Ready to Be World Tour
- Associated album: Ready to Be With You-th Dive
- Start date: April 15, 2023
- End date: July 28, 2024
- Legs: 7
- No. of shows: 23 in Asia; 16 in North America; 5 in Oceania; 5 in Europe; 2 in South America; 51 in total;
- Supporting act: Vcha
- Attendance: 1.5 million
- Box office: $78.4 million

Twice concert chronology
- Twice 4th World Tour "III" (2021–2022); Ready to Be World Tour (2023–2024); This Is For World Tour (2025–2026);

= Ready to Be World Tour =

2023–2024 concert tour by Twice

The Ready to Be World Tour was the third worldwide concert tour and the fifth overall concert headlined by South Korean girl group Twice, in support of their twelfth extended play Ready to Be (2023). The tour began on April 15, 2023, at the Olympic Gymnastics Arena in Seoul, and concluded on July 28, 2024, at Nissan Stadium in Yokohama, comprising 51 shows in Asia, North America, South America, Oceania and Europe.

==Background==
On February 21, 2023, JYP Entertainment announced that Twice would embark on their largest world tour so far, revealing 17 initial tour dates in 14 cities across East Asia, Australia, and North America. On March 24, six additional dates in Australia and North America were added after most tickets sold out. The second part of the tour was announced on April 24, with six shows in Southeast Asia and Europe.
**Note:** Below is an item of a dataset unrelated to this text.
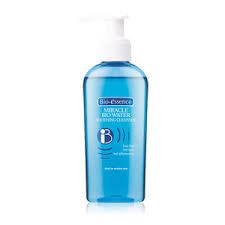 Brief content visible, double tap to read full content. Miracle Bio Water Soothing Cleanser Bio Essence Skincarisma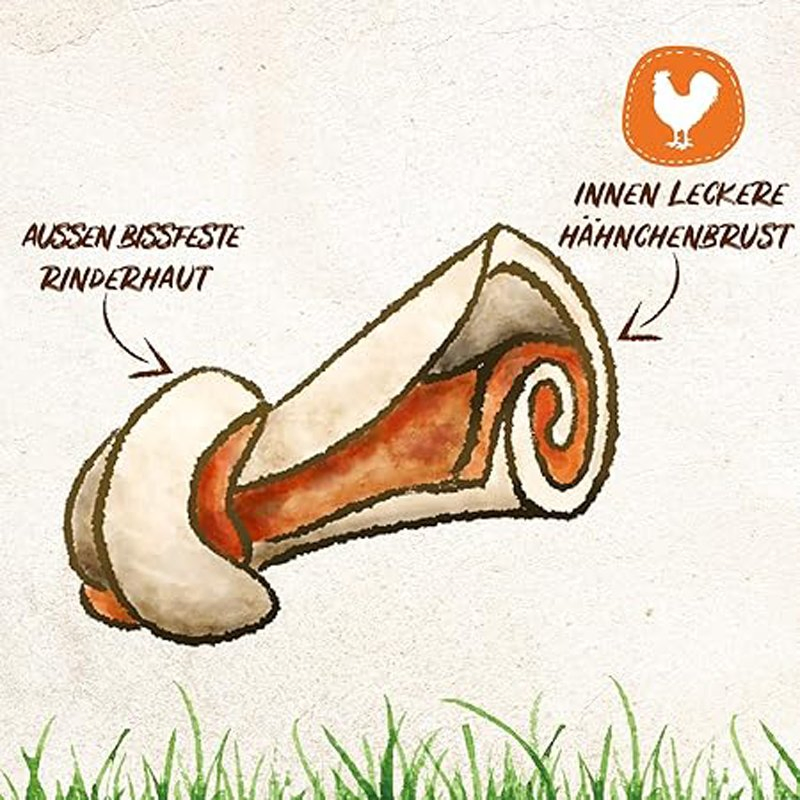 Delights Chicken Bone S 50g Dog Treats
Two more shows were then added to the Europe leg "due to popular demand". After the second concert in Tokyo on May 21, it was announced that four more shows would be held in Japan in December. On June 8, a second tour date in Singapore was announced due to "overwhelming demand". On June 17, a second show was added in the Philippines, two days after ticket sales were temporarily suspended due to "suspicious activities detected online". A second show was also added in Thailand on June 20.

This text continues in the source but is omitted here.